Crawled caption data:
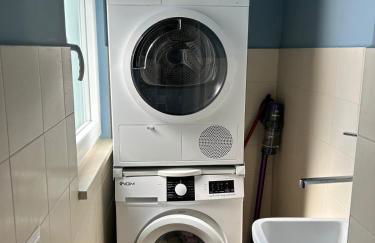 Terrazza Puglia con Jacuzzi Bari Aeroporto - Foto 7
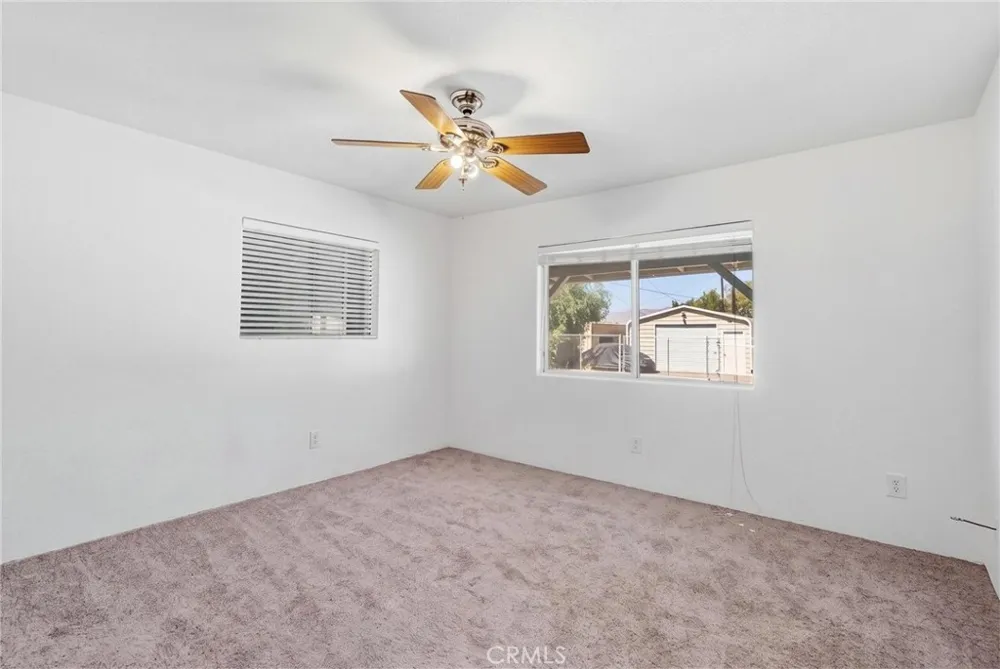 43233 Whittier Hemet, CA 92544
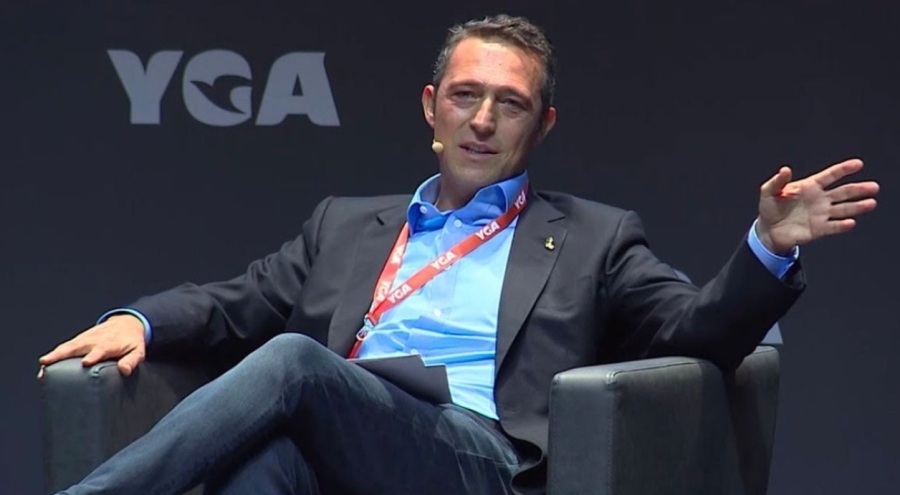 Ali Koç'un düştüğü tuzağı açıkladı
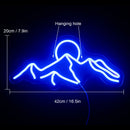 Wedding Neon Light Letters LED Sign Bar room decoration Party Bedroom Playroom Cave Children's Room Shop Home Wall Decoration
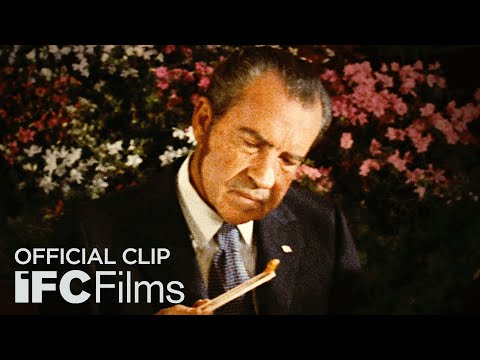 The Search for General Tso - Clip "Nixon in China" I HD I IFC Films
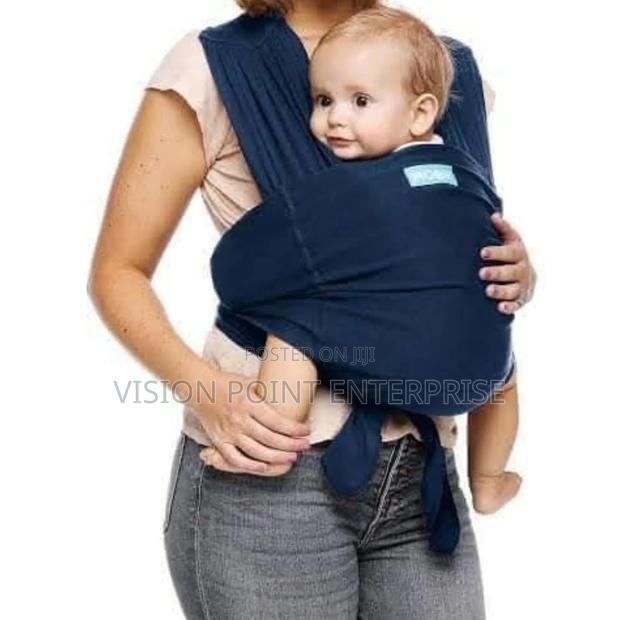 *Toto Wrap* Toto Wrap - main view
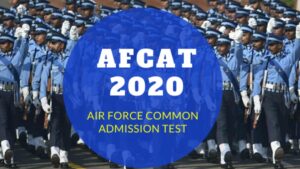 AFCAT Releases Admit Card For 2020: Check Do’s And Don’ts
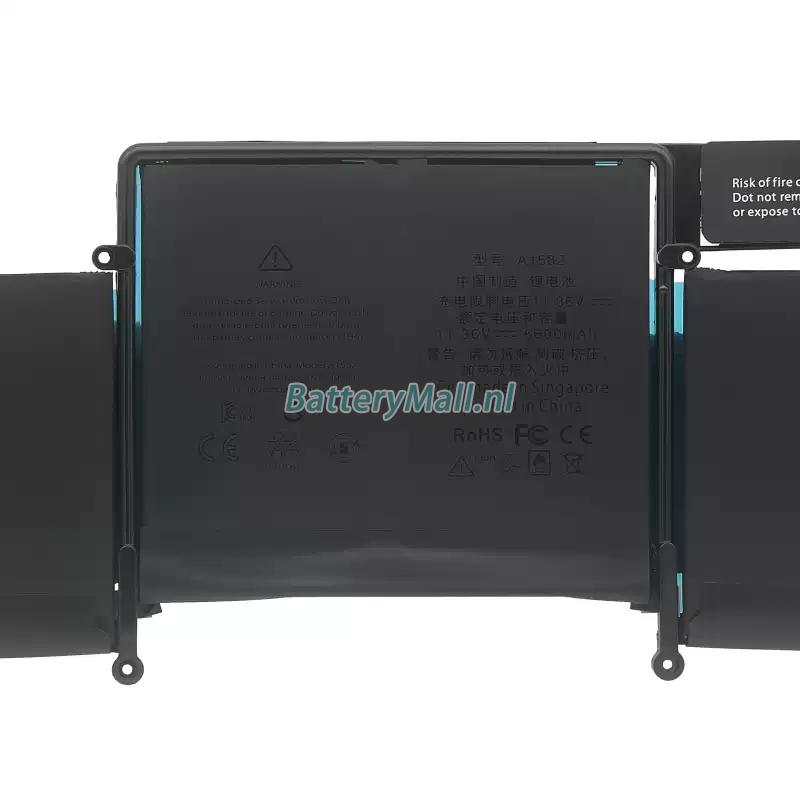 Apple MF841LL/ABattery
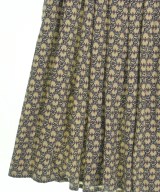 Agnes b.（アニエスベー）ロング・マキシ丈スカート ベージュ サイズ:36(S位) レディース/2200639023441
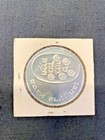 1973 -10 Lirot Proof- Israel - Pidyon Haben - 90  Silver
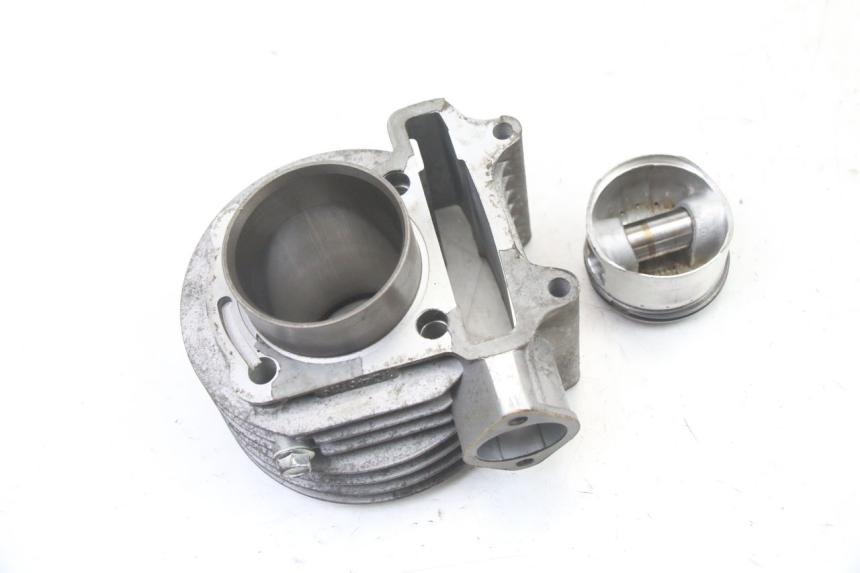 photo de CILINDRO PISTON DAELIM BESBI 125 (2007 - 2008)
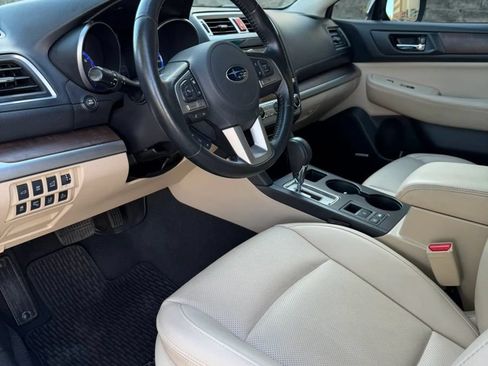 Used 2015 Subaru Outback 3.6R Limited AWD/4WD image 62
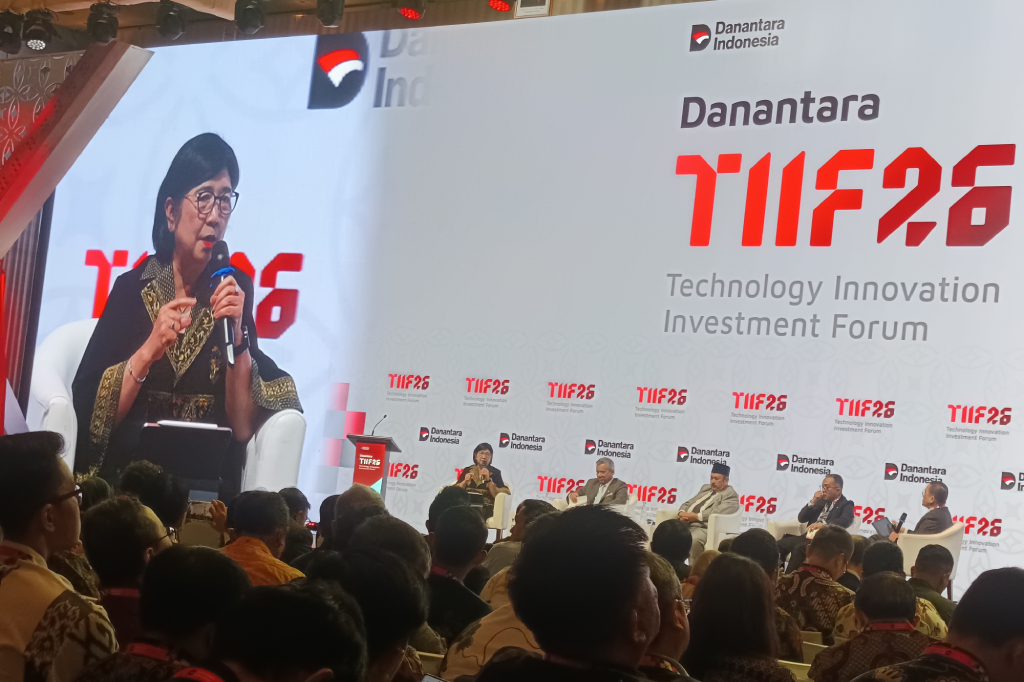 Rupiah Tembus Rp18.000 per Dolar AS, BI Buka Suara dan Pantau Pergerakan Kurs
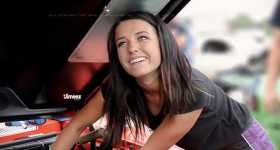 Twin Turbo Camaro Alex 2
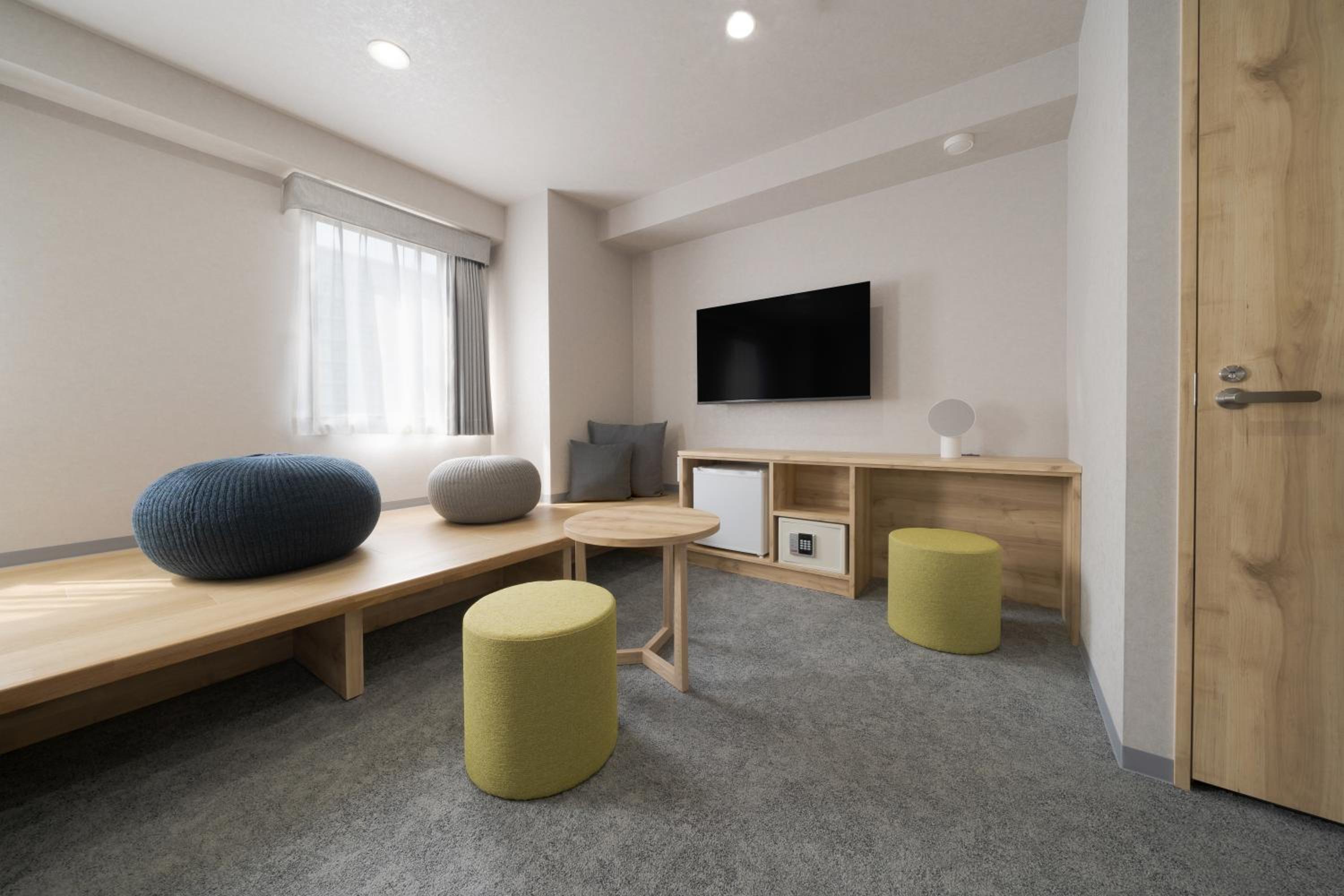 Premier Hotel Cabin Sapporo Ex Natural Spa Hotel Paco Junior Susukino 66/79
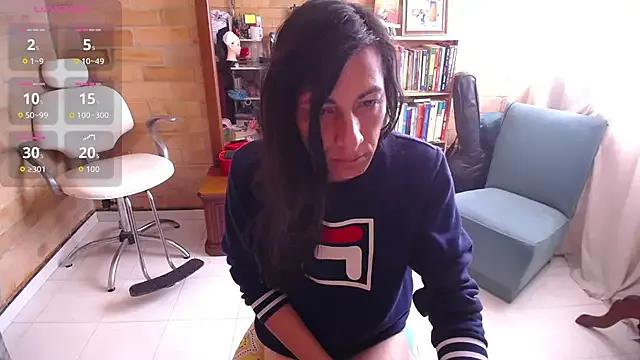 Freechat VioletaGomez_Co on StripChat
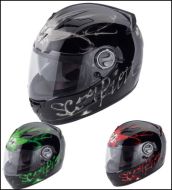 Scorpion EXO-500 Helmet - Ardent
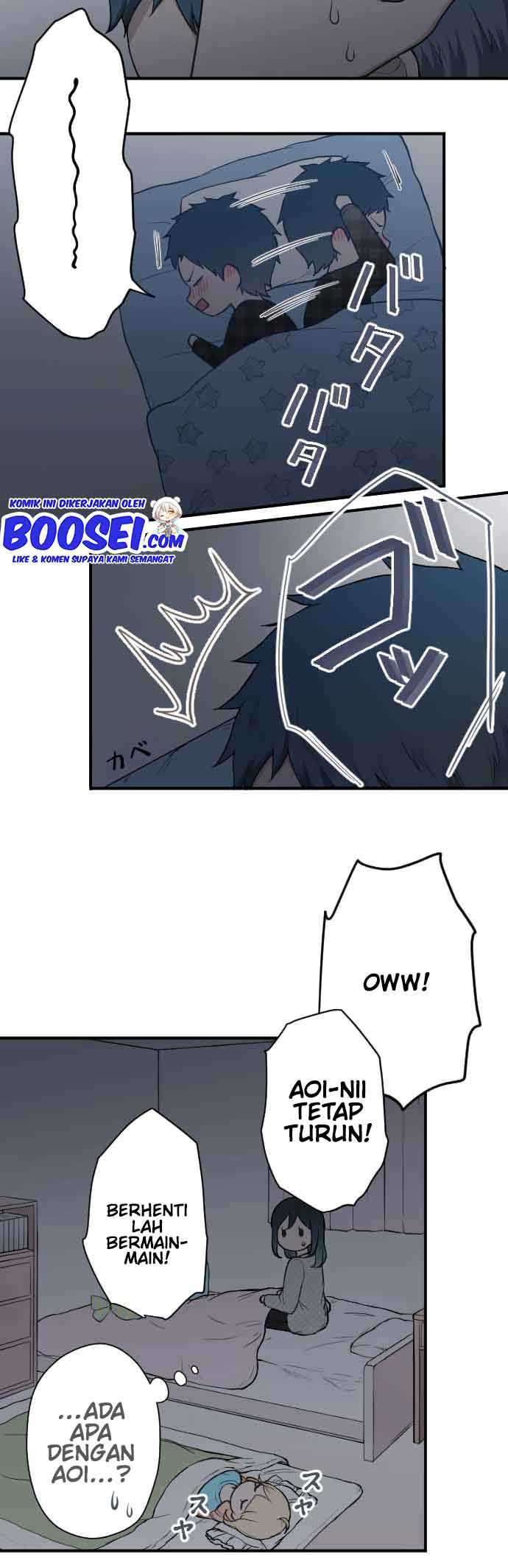 image-komik-ouji-sama-nante-iranai-chapter-150-12/23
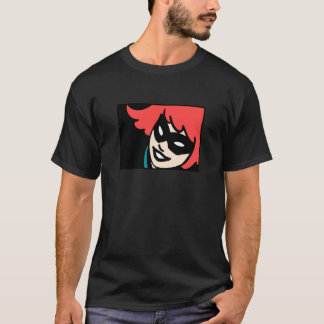 Bandette T-Shirt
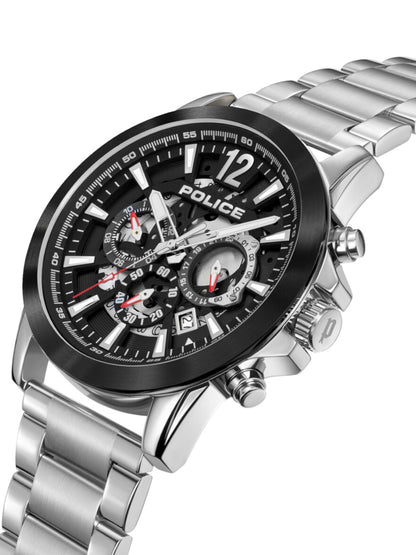 POLICE PEWJK2194940 Chronograph Armbanduhr 38 mm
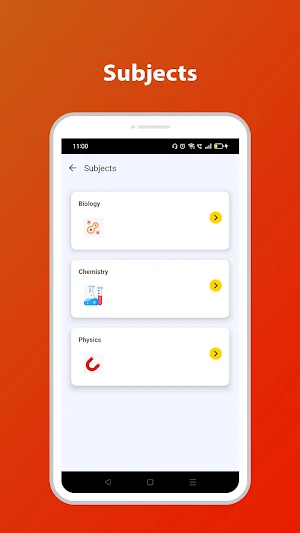 Darsana Academy Screenshot 2
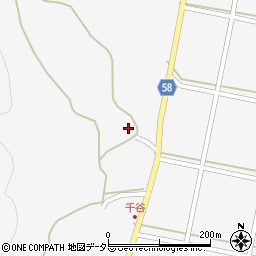 岡山県新見市大佐小阪部815周辺の地図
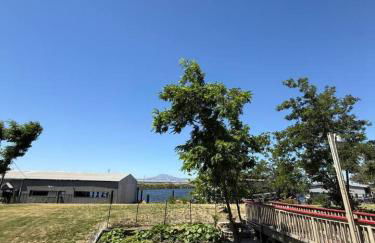 Newly Renovated Lakefront with Dock - Foto 11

Instructions for the task: Would you write out exactly the lines of the data from the one holding "43233 Whittier Hemet, CA 92544" to the final line, both included, with pictures left out?

Answer box:
 43233 Whittier Hemet, CA 92544
 Ali Koç'un düştüğü tuzağı açıkladı
 Wedding Neon Light Letters LED Sign Bar room decoration Party Bedroom Playroom Cave Children's Room Shop Home Wall Decoration
 The Search for General Tso - Clip "Nixon in China" I HD I IFC Films
 *Toto Wrap* Toto Wrap - main view
 AFCAT Releases Admit Card For 2020: Check Do’s And Don’ts
 Apple MF841LL/ABattery
 Agnes b.（アニエスベー）ロング・マキシ丈スカート ベージュ サイズ:36(S位) レディース/2200639023441
 1973 -10 Lirot Proof- Israel - Pidyon Haben - 90  Silver
 photo de CILINDRO PISTON DAELIM BESBI 125 (2007 - 2008)
 Used 2015 Subaru Outback 3.6R Limited AWD/4WD image 62
 Rupiah Tembus Rp18.000 per Dolar AS, BI Buka Suara dan Pantau Pergerakan Kurs
 Twin Turbo Camaro Alex 2
 Premier Hotel Cabin Sapporo Ex Natural Spa Hotel Paco Junior Susukino 66/79
 Freechat VioletaGomez_Co on StripChat
 Scorpion EXO-500 Helmet - Ardent
 image-komik-ouji-sama-nante-iranai-chapter-150-12/23
 Bandette T-Shirt
 POLICE PEWJK2194940 Chronograph Armbanduhr 38 mm
 Darsana Academy Screenshot 2
 岡山県新見市大佐小阪部815周辺の地図
 Newly Renovated Lakefront with Dock - Foto 11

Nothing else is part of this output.